Agora, o que pensar sobre um participante do BBB, por exemplo, ter que dançar até doze horas seguidas para passar por uma prova? Ou ter que comer olho de cabra? Não será esse BBB uma tortura muito mais grave porque expõe as pessoas ao ridículo, onde elas são tratadas como ratos de laboratório e as crises psicológicas são claras e inevitáveis? Se isso não é tortura, não sei que outro nome tem.

Esse facismo branco vem desde a abertura do programa. Paulo Ricardo dá o tom: canta versos que falam do bem e do mal, e da importância de resistir e vencer se quiser ser o melhor.

E quem não se lembra de Zeca Camargo apresentando os programas "No limite" e "Hipertensão", onde pessoas comuns eram desafiadas a comer insetos ou deitar numa cova com 300 ratos?

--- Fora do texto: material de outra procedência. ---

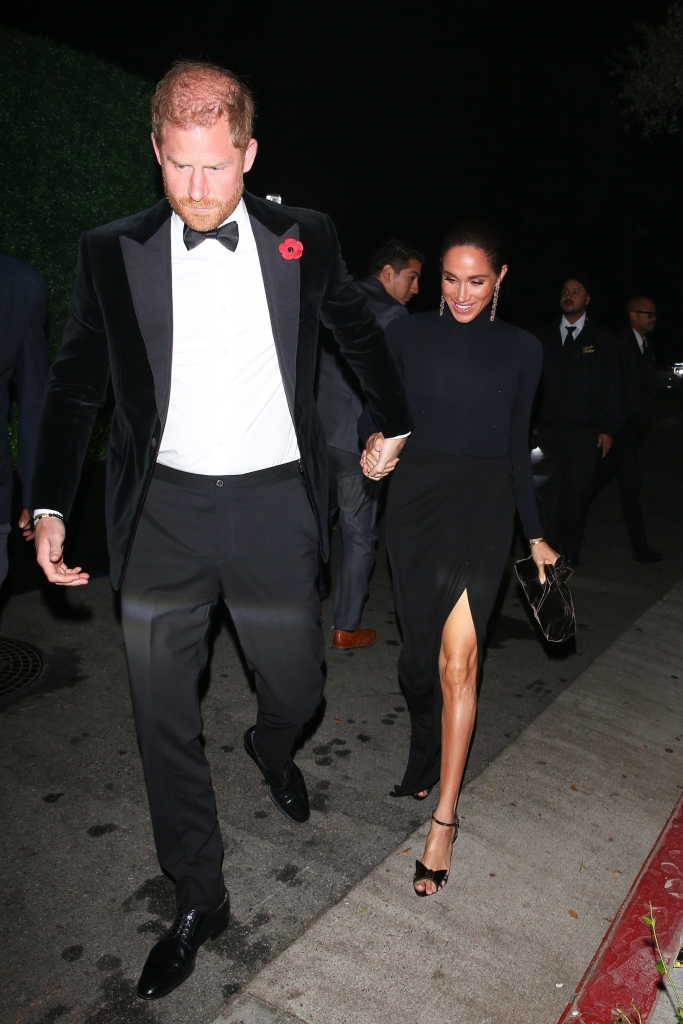 Prince Harry in a black tuxedo and Meghan Markle in a black dress with a thigh-high slit, holding hands.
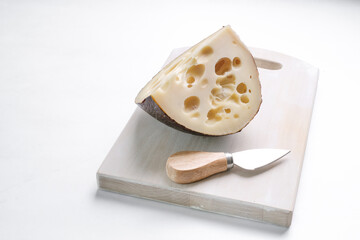 Emmental cheese triangle, Swiss cheese, isolated on white background. High resolution image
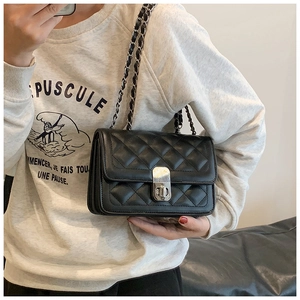 Detail of black quilted leather shoulder bag featuring silver metal chain and rotary lock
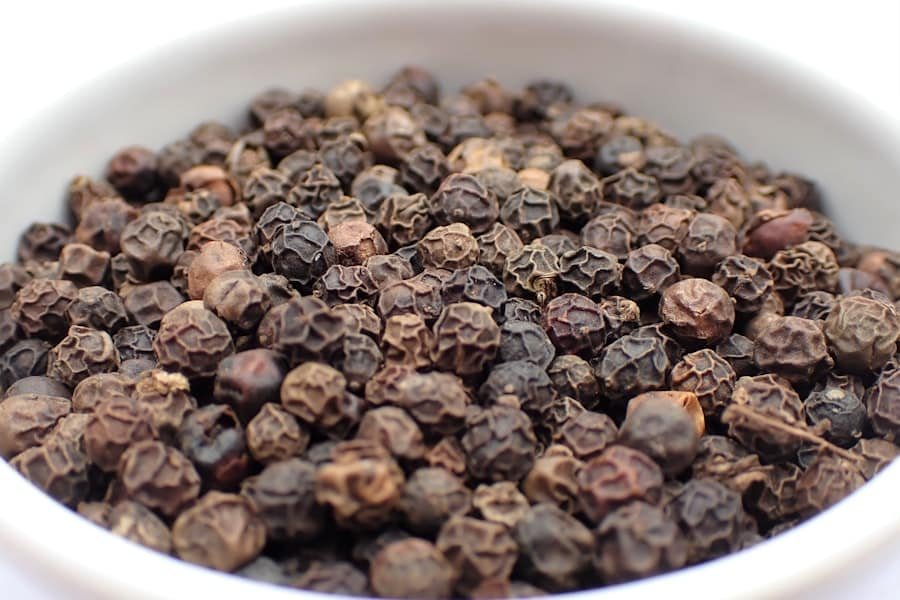 Bowl of black peppercorns rich in the caryophyllene terpene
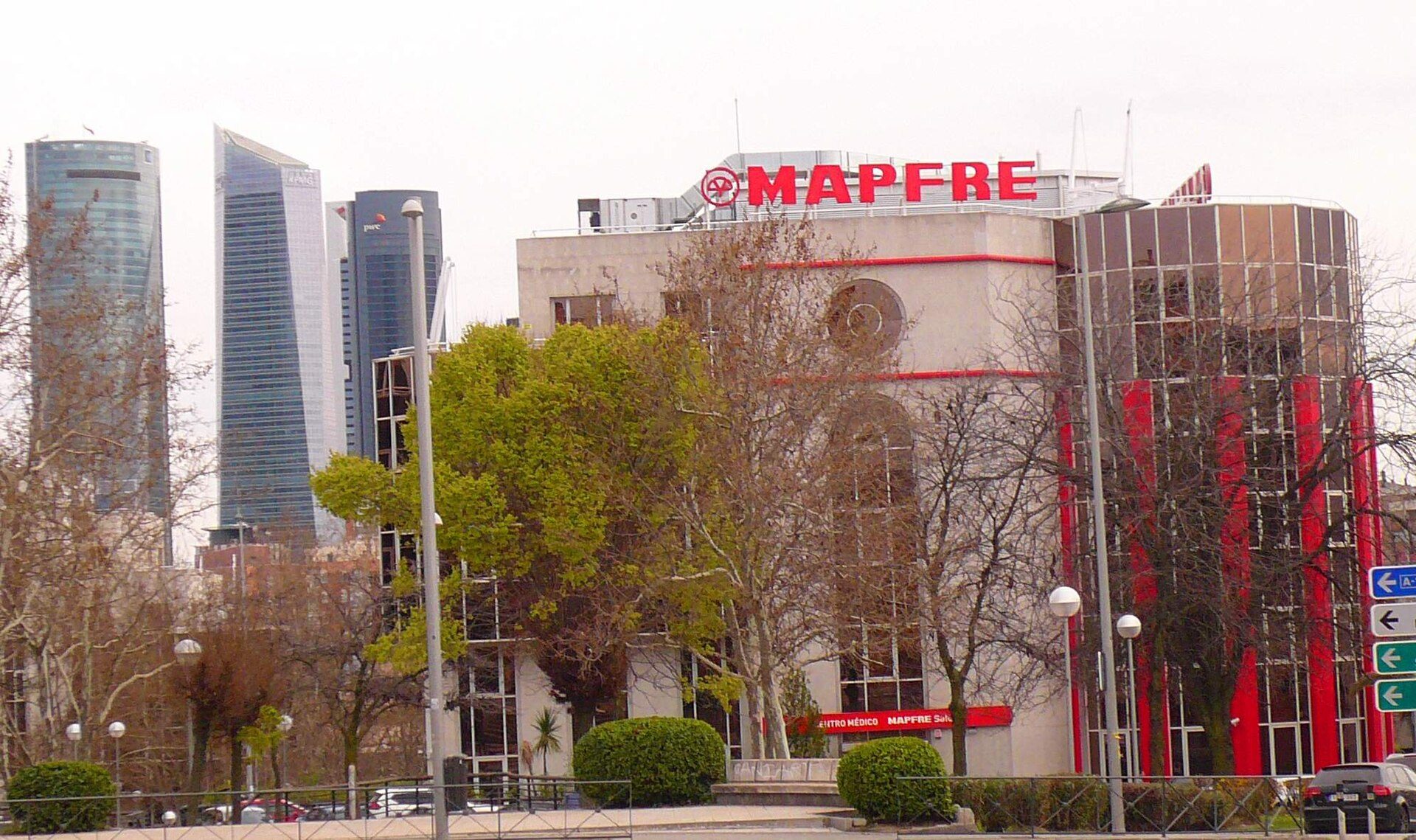Modern hotel room with city view, balcony, and large windows.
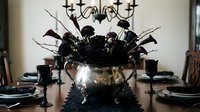 Elegant dining room table set with dark floral centerpiece in metallic bowl, black candles, and formal place settings creating sophisticated atmosphere.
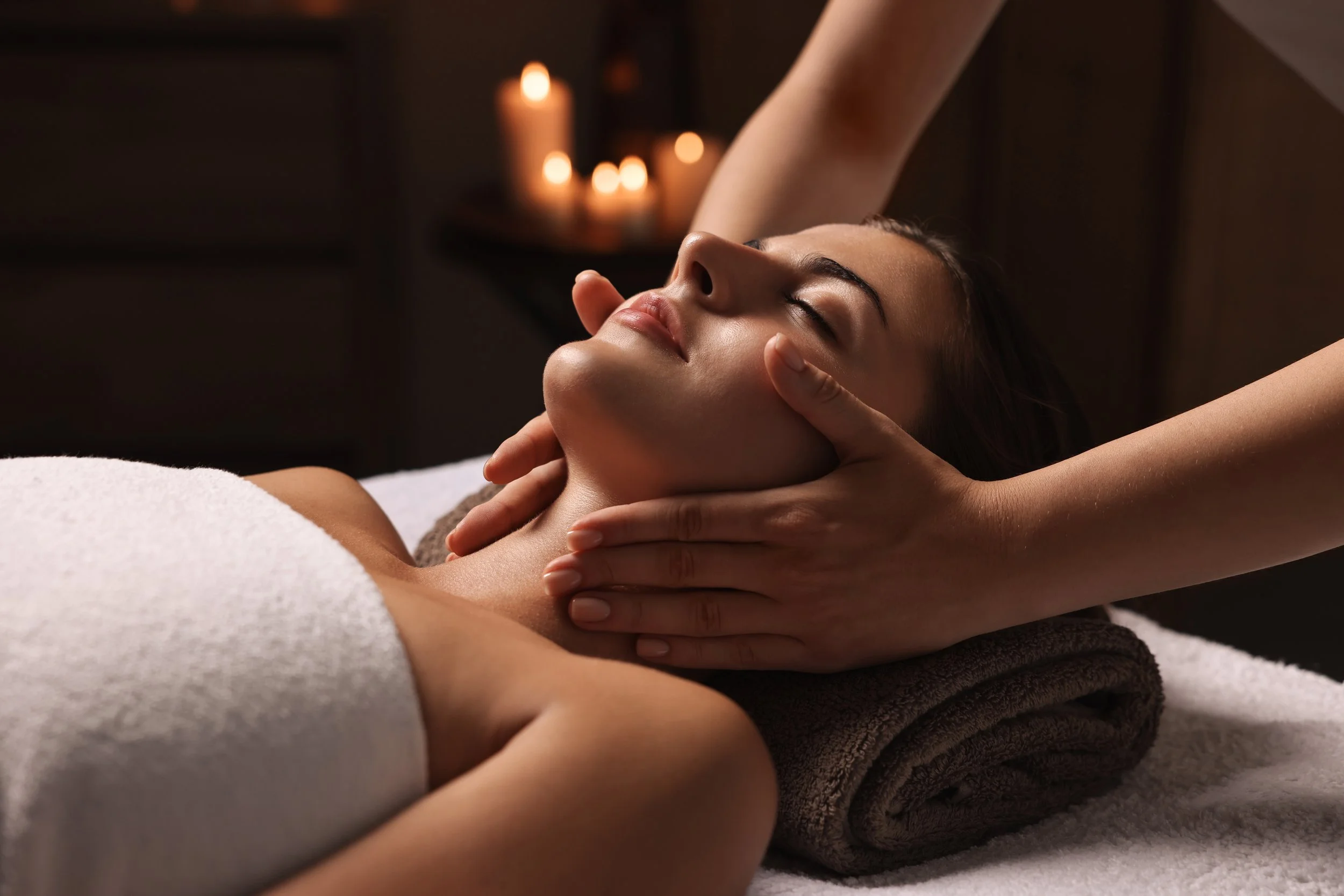 A woman receives a facial massage at a spa, lying on a massage table with her eyes closed, a towel over her chest, and candles in the background creating a relaxing atmosphere.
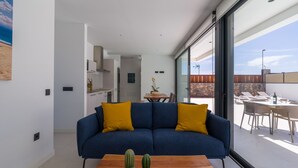 Una sala de estar moderna con un sofá azul, una mesa de centro de madera con cactus y un gran ventanal corredero que da a un patio exterior con mesa y sillas.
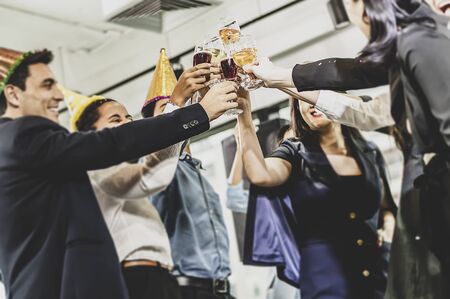 Business people of successful with drinking champagne, talking and smiling while celebrating in officeの写真素材
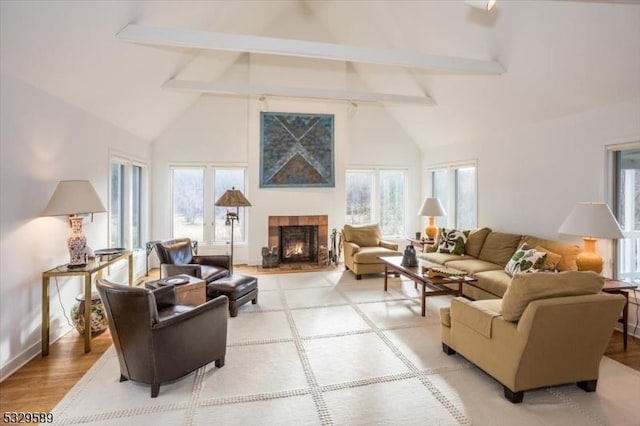 living room with hardwood / wood-style floors, beamed ceiling, and high vaulted ceiling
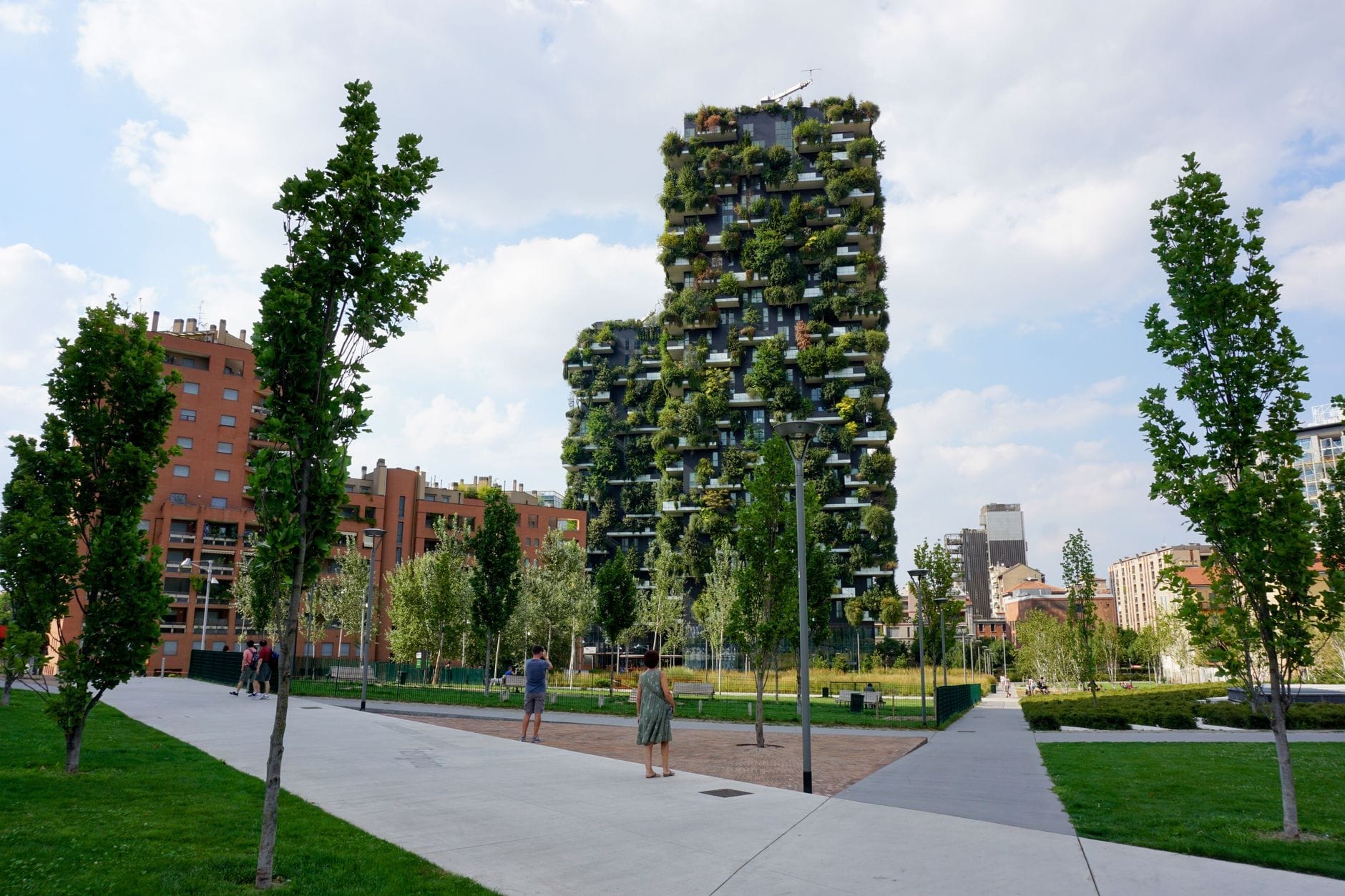 Le rigogliose torri verdi del Bosco Verticale si innalzano alle spalle di un parco urbano con vialetti alberati, giovani piante e persone che passeggiano sotto un cielo luminoso e parzialmente nuvoloso.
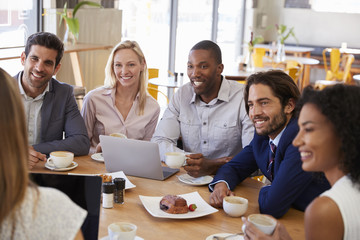 Group Of Businesspeople Having Meeting In Coffee Shop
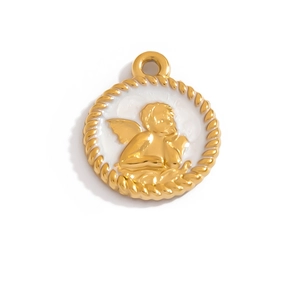Detail view of a vintage cherub angel relief on white enamel and gold-plated pendant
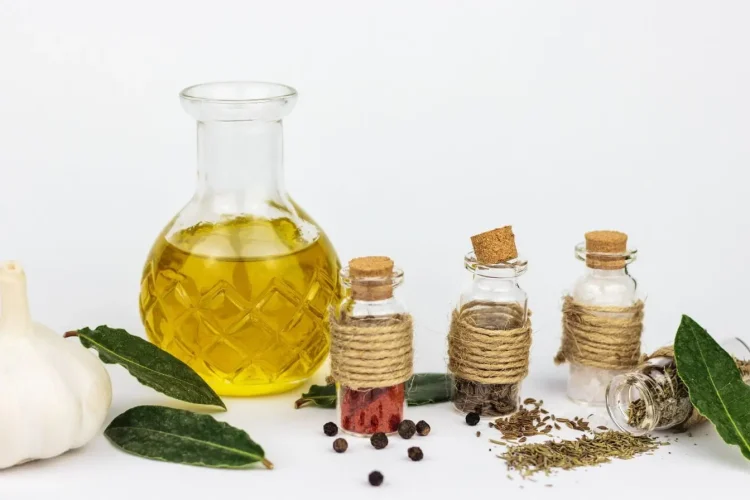 Bouteille d’huile jaune posée sur table blanche entourée de pots d’épices et feuilles de laurier, image illustrant une huile infusée aux herbes aromatiques.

Trote dentro de um quartel que diz respeito somente a eles é uma coisa, muito pior é passar por humilhações em transmissão nacional.

Recentemente, a Rede Globo usou todo seu poder para defender o desarmamento, mas não deixou de apresentar no mesmo período filmes violentos em "Domingo Maior", e agora volta com nova temporada de sua violenta minissérie "Cidade dos homens".

Se deseja fazer justiça, sem segundas e terceiras intenções, por que a Globo não sai em defesa dos trabalhadores que sofrem tortura física e psicológica quando não conseguem levar o pão para casa ? Por que não sai em defesa de uma população oprimida com seu salário congelado há quase 10 anos? Por que não cobra explicações dos coronéis nordestinos sobre exploração de mão de obra? Por que não denuncia o narcotráfico que tortura e mata a população pobre da favela ao invés de fazer apologia do crime através de minissérie como "Cidade dos homens"?

Tudo isso para concluir que a emissora, que algumas vezes se coloca como defensora da liberdade e justiça, nem sempre faz aquilo que prega. Se transformada em gente, seria como tantos que desejamos à distância de tão contraditórios e hipócritas que são.